So, I’m a man. It says so right on my driver’s license. And while maybe being on the tail end of the age group, I am, more specifically, a guy. Being immature for my age helps me stay in this category of men longer than some, as does having no wife, no children, no mortgage, and no desire or ability to play golf. I also haven’t hit that point where I’ve started to wear sport coats over polo shirts, and I don’t wear sandals over a pair of white socks. So I’m still a “guy”. If I stole your wallet, you wouldn’t tell the police “Some man took my roll!”. You’d say, “Some guy took it, yo!”
So still being a guy, this means I partake in, and, one would think, understand, the set of thoughts and behaviors collectively know as “guy stuff”. Or, in the singular, “a guy thing”. If you’re a woman (or if you’re fortunate enough to still be a “chick”), you may have heard the phrase, “Baby, you wouldn’t understand. It’s a guy thing”. There are times, as guys, that we tell you that because we realize you honestly wouldn’t understand. You might have, for example, watched the film “The 13th Warrior” and scratched your head in confusion. Any “guy” who’s seen the film knows what I’m talking about when I say that, by the end of it, we felt as though we’d been baptized in the waters of primordial manliness, and achieved a spiritual connection to the great ancient conduit of guyness that courses through all of our veins. Confused? That’s because it’s a guy thing.
But we sometimes use that phrase because we, ourselves, don’t even understand what the hell we’re thinking, doing or saying. I am a guy. I like Star Trek. I play fantasy football and talk smack at my buddies as though the collection of accumulated points had anything to do with me at all. I sometimes watch County Music Television with the volume muted just to check out the hot babes without having to put up with the annoying twang of steel guitars and lyrics that seem written by a retarded child with a rhyming dictionary. But there are some “guy things” that I am just at a loss to explain.
Cause in point? The “bad boy”.
What is it about guys that make us refer to things, in an attempt to attach more manliness to them, as “bad boys”? Why does a guy, after hooking up his new barbecue, say “Let’s fire this bad boy up!” Why, when he’s grilled up a few burgers, does he then ask his fellows “You ready for one of these bad boys?”. Why, when he puts his $5000.00 stereo into his $800.00 Honda Civic does he say “Yeah! Check out the bass on that bad boy!”? Why does he catch a large fish, stuff and mount it on his wall, and tell his friends, with much swagger, “I caught this bad boy out at the lake last summer”? Why does he hold up his iPod and brag, “I got 80 gigs of music in this bad boy”?

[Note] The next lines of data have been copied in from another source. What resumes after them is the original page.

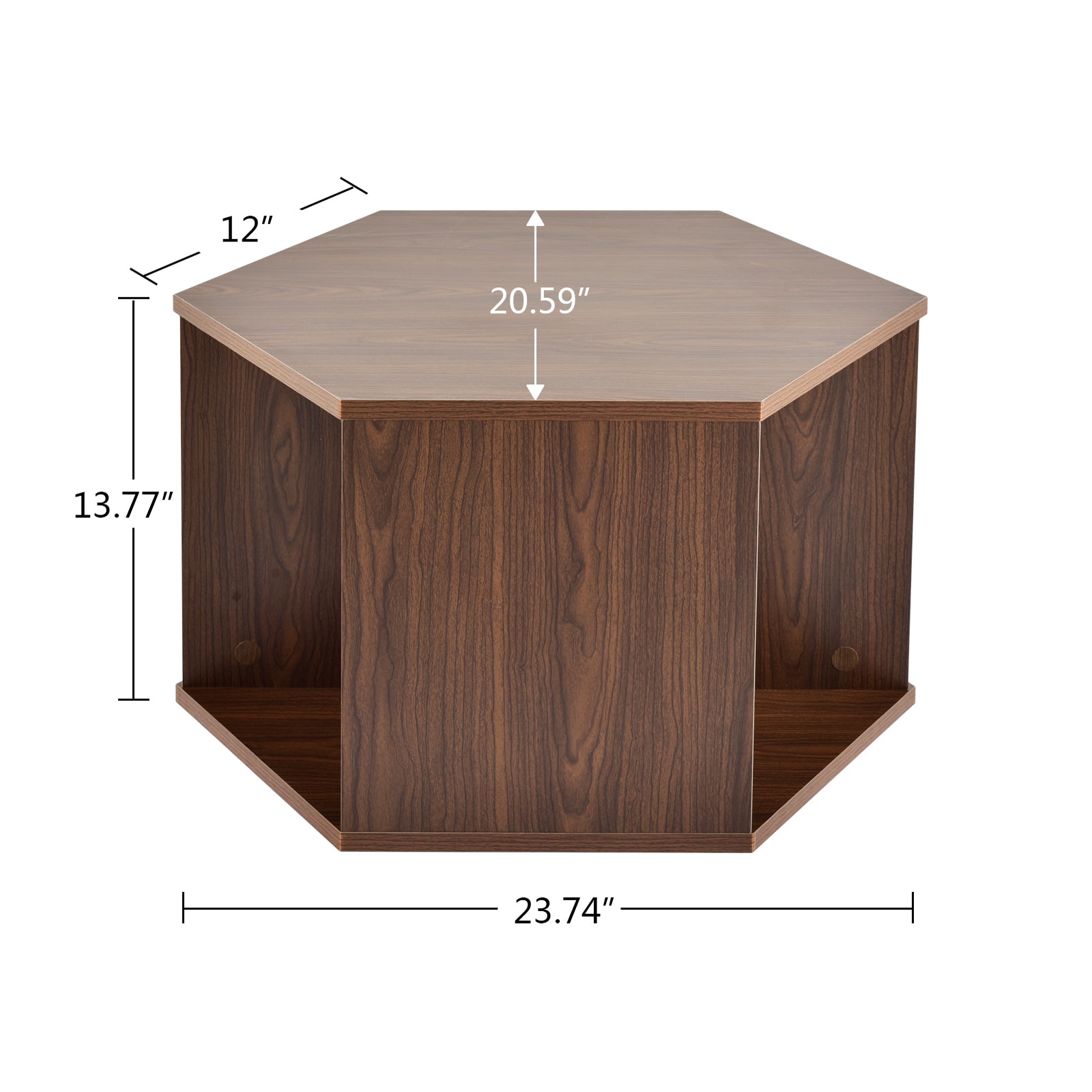 Excellent Solid Wood Hexagonal Storage End Table – Creative Bargains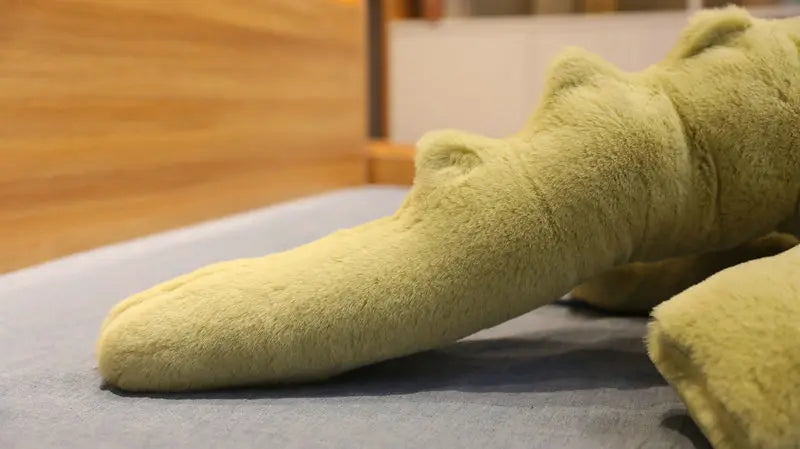 Lifelike Alligator Plush Toys | Soft Crocodile Filled Cushions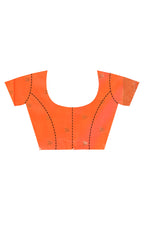 Morchari Heavy Kolhapuri Stone Work Saree-Orange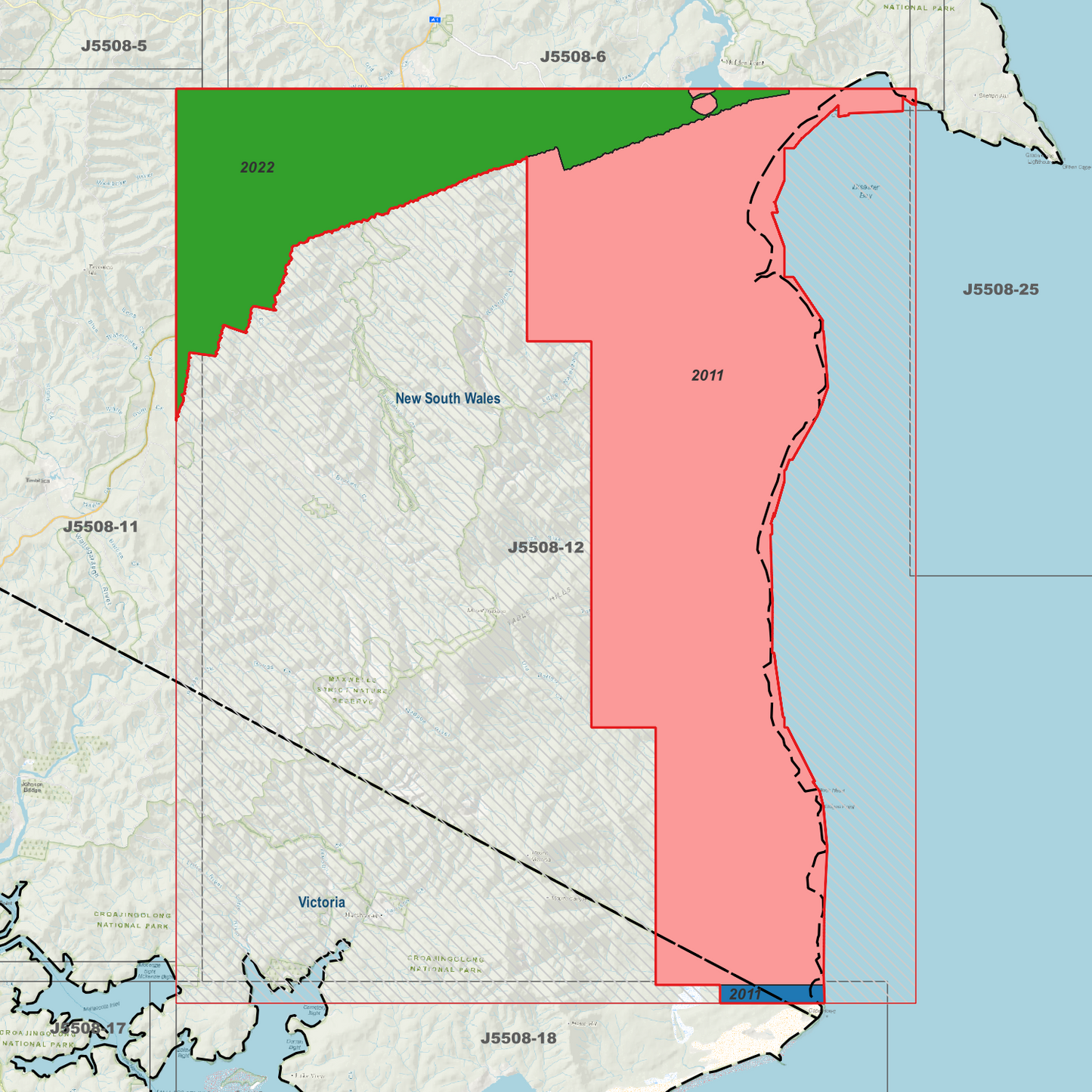 Nadgee 1m & 2m Digital Elevation Models (J5508-12)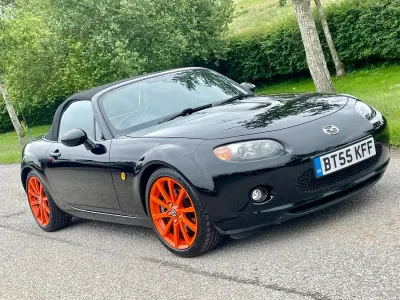 Used Mazda MX5 Inclusive 160 HP (117 kW) 2006 Brilliant black Cabriolet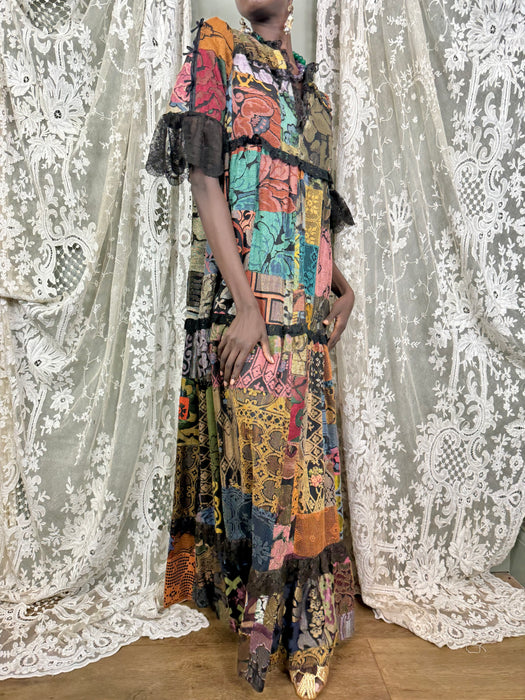 Catherine Buckley, 70s patchwork dress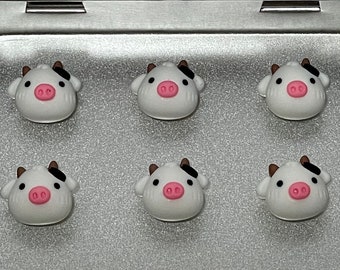 Cow Magnets | Tiny Magnets | Cow Gift for Cow Lovers | Cow Magnet for Fridge | Cow Fridge Magnets | Farm Animals Magnet Set | Cute Magnets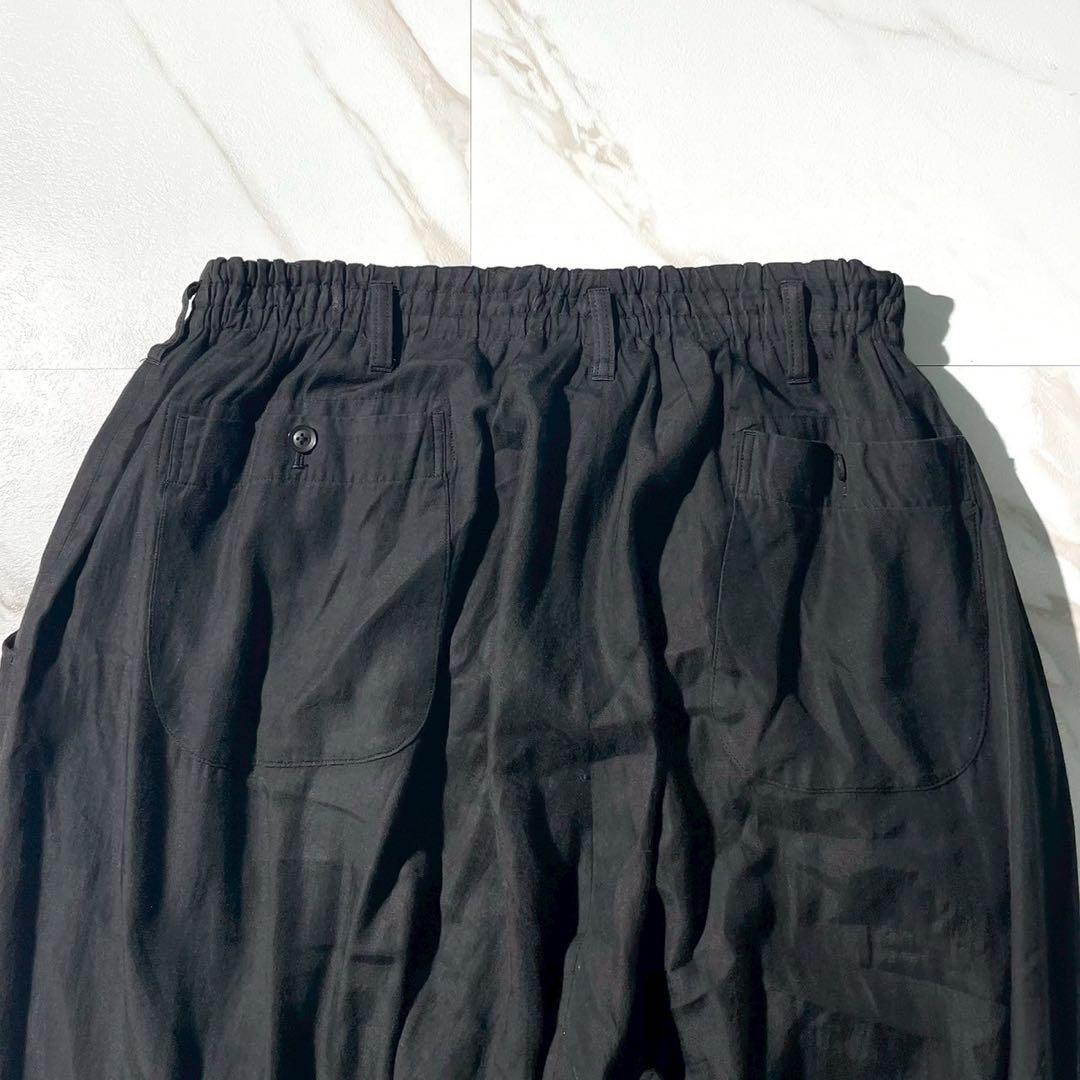 極美品 19SS⭐️ヨウジヤマモトプールオム サルエルパンツ ウエストゴム 3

The “bad boy” designation seems to be used to inject some extra macho into an object, and increase the owner’s pride (or “cred”, in some circles). But my question is this. The whole idea seems to hinge on increased manliness. But doesn’t the phrase “bad boy” kind of imply that a young boy has been “naughty”, and maybe somehow deserves a spanking for his behavior? And by association, doesn’t this visual strike anyone else as being, at its core, kind of…gay? And not just gay, but kind of a creepy gay as well? Isn’t there a basic contradiction there that opposes your whole point in that phrase’s invocation?
I’m at a loss.
There are others I don’t think I’ll ever get, but I’ll get to those later. When I think of one, I’ll be sure to type another one of these bad boys up. HELLZ yeah.
1 Comments:
At November 13, 2007 at 2:59 AM , Martin Maenza said...
Mike, I always referred to my trips out to San Diego to hang with you all as "my guy week". I guess I know why. ;)
You are right though - getting married and settling down really tames that "guy" thing a lot. It pops out now and again, but not as often as it does for single guys.